• _Available data_

▶

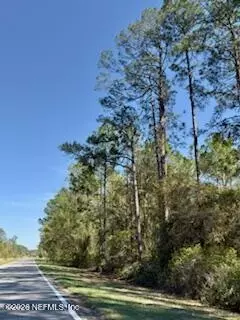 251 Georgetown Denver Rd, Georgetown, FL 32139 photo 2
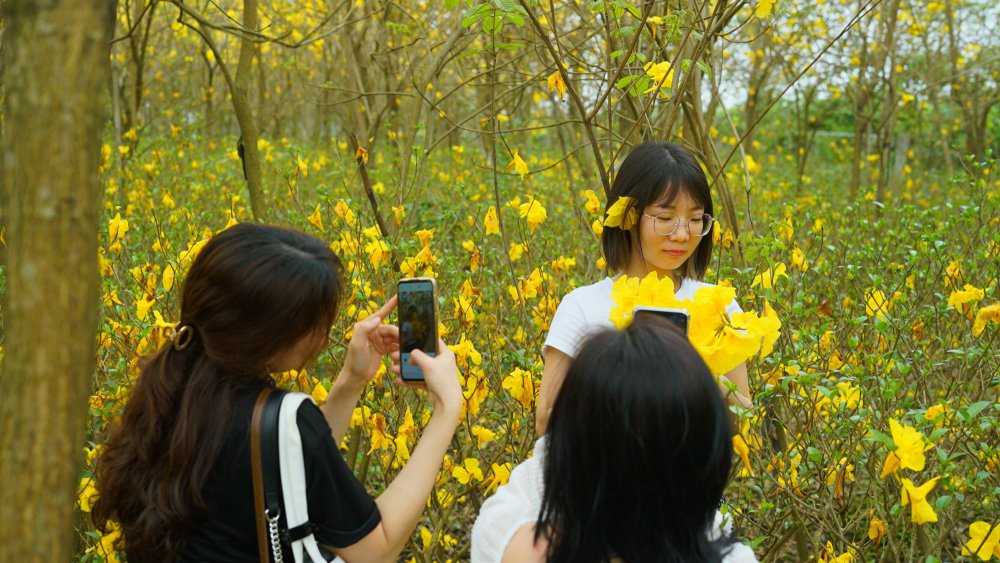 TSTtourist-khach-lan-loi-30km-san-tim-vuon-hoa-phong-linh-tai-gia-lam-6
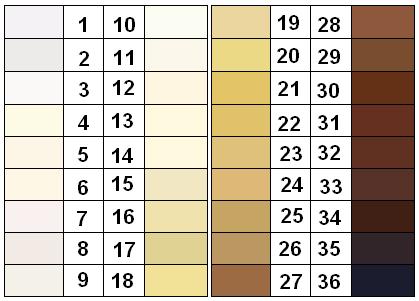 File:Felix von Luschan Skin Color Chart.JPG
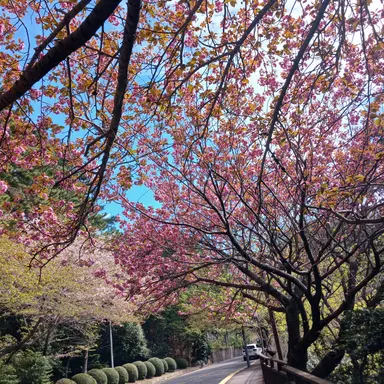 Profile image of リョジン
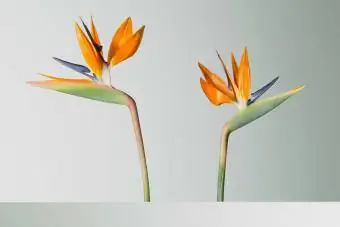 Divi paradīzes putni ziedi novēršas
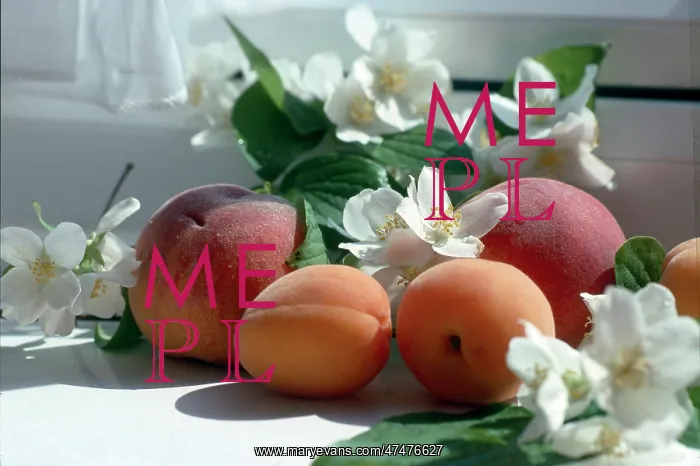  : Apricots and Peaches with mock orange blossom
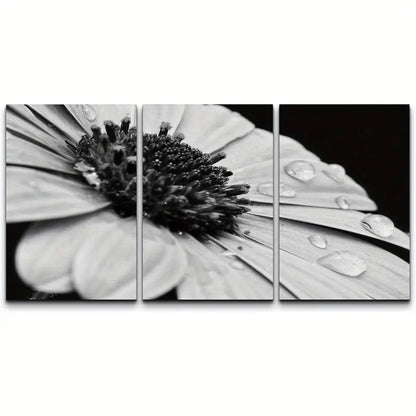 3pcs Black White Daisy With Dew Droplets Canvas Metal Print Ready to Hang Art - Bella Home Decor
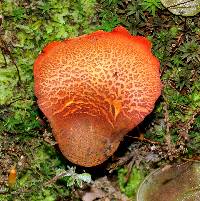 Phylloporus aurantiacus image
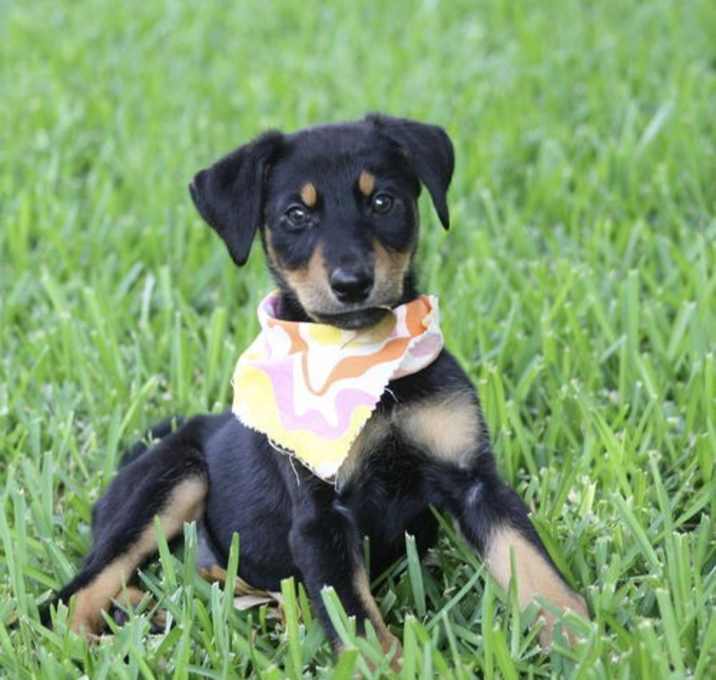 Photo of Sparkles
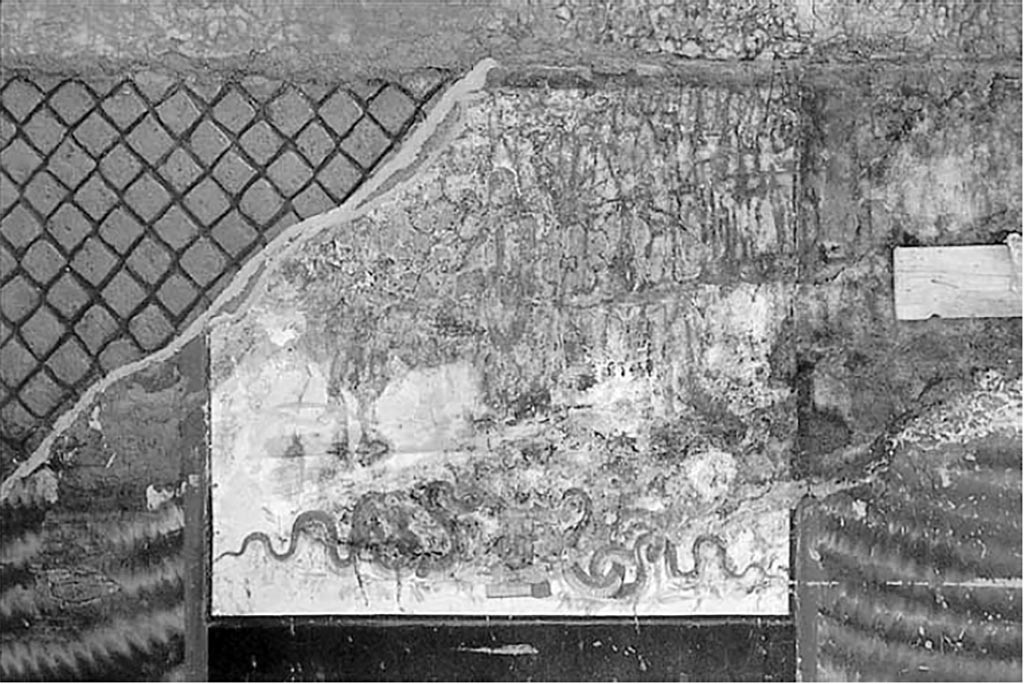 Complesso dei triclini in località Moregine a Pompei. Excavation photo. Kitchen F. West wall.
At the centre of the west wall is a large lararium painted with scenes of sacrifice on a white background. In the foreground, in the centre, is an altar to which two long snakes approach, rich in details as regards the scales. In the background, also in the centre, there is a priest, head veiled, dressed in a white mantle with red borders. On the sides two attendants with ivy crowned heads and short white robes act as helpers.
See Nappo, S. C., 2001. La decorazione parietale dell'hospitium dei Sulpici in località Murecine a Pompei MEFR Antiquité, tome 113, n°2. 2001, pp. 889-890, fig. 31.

◀
▶

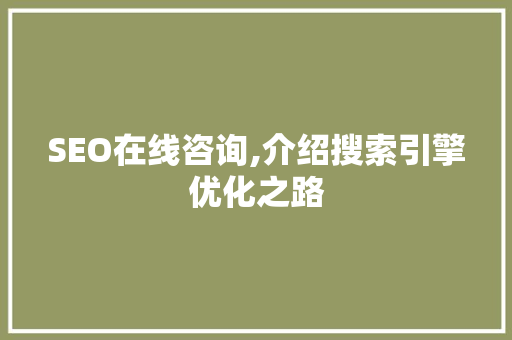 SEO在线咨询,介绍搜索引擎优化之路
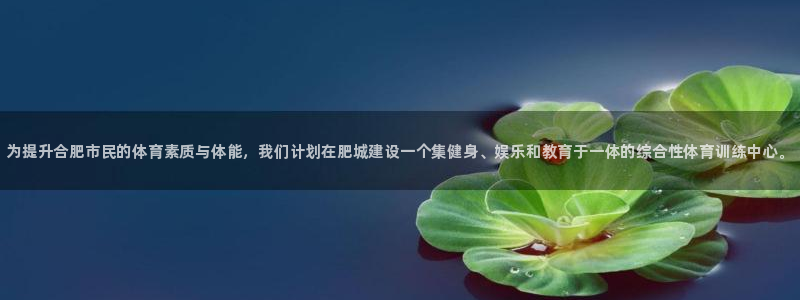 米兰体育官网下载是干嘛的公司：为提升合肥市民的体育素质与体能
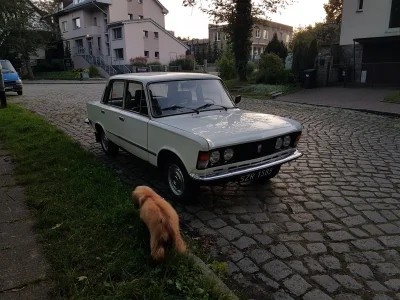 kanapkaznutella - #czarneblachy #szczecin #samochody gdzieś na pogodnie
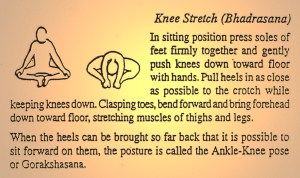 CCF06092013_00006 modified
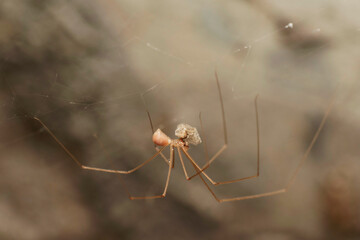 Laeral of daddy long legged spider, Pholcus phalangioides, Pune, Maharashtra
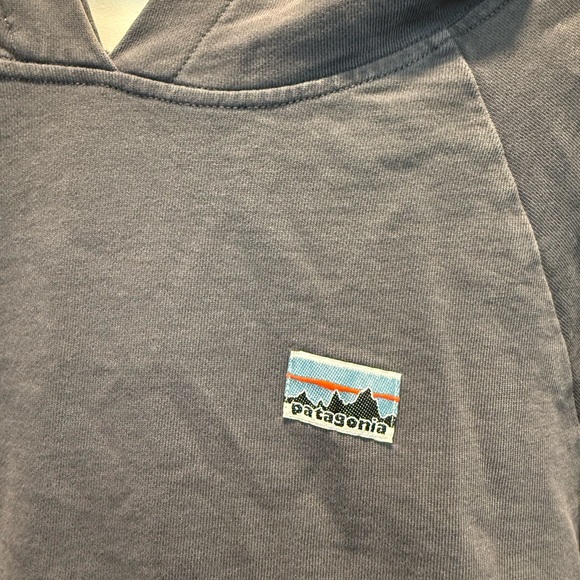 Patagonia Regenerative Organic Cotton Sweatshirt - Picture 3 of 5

◀
▶

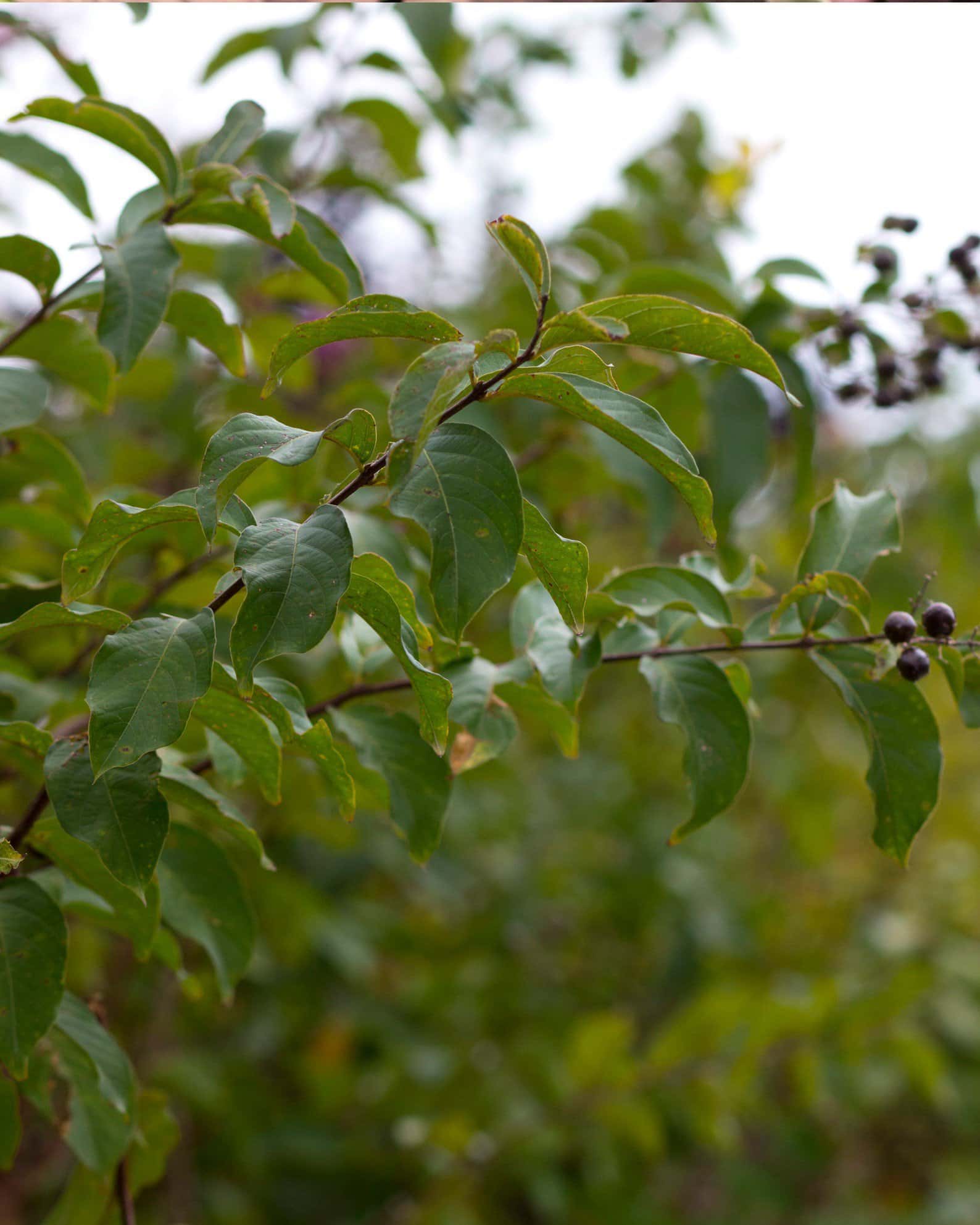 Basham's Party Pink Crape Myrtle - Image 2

◀

• _Problem statement_
In the records above, find the line with "mock orange blossom" and the line with "See Nappo, S.", then restate word for word only those two lines and all lines between, omitting pictures.

• _Exercise answer_
  : Apricots and Peaches with mock orange blossom
 3pcs Black White Daisy With Dew Droplets Canvas Metal Print Ready to Hang Art - Bella Home Decor
 Phylloporus aurantiacus image
 Photo of Sparkles
 Complesso dei triclini in località Moregine a Pompei. Excavation photo. Kitchen F. West wall.
At the centre of the west wall is a large lararium painted with scenes of sacrifice on a white background. In the foreground, in the centre, is an altar to which two long snakes approach, rich in details as regards the scales. In the background, also in the centre, there is a priest, head veiled, dressed in a white mantle with red borders. On the sides two attendants with ivy crowned heads and short white robes act as helpers.
See Nappo, S. C., 2001. La decorazione parietale dell'hospitium dei Sulpici in località Murecine a Pompei MEFR Antiquité, tome 113, n°2. 2001, pp. 889-890, fig. 31.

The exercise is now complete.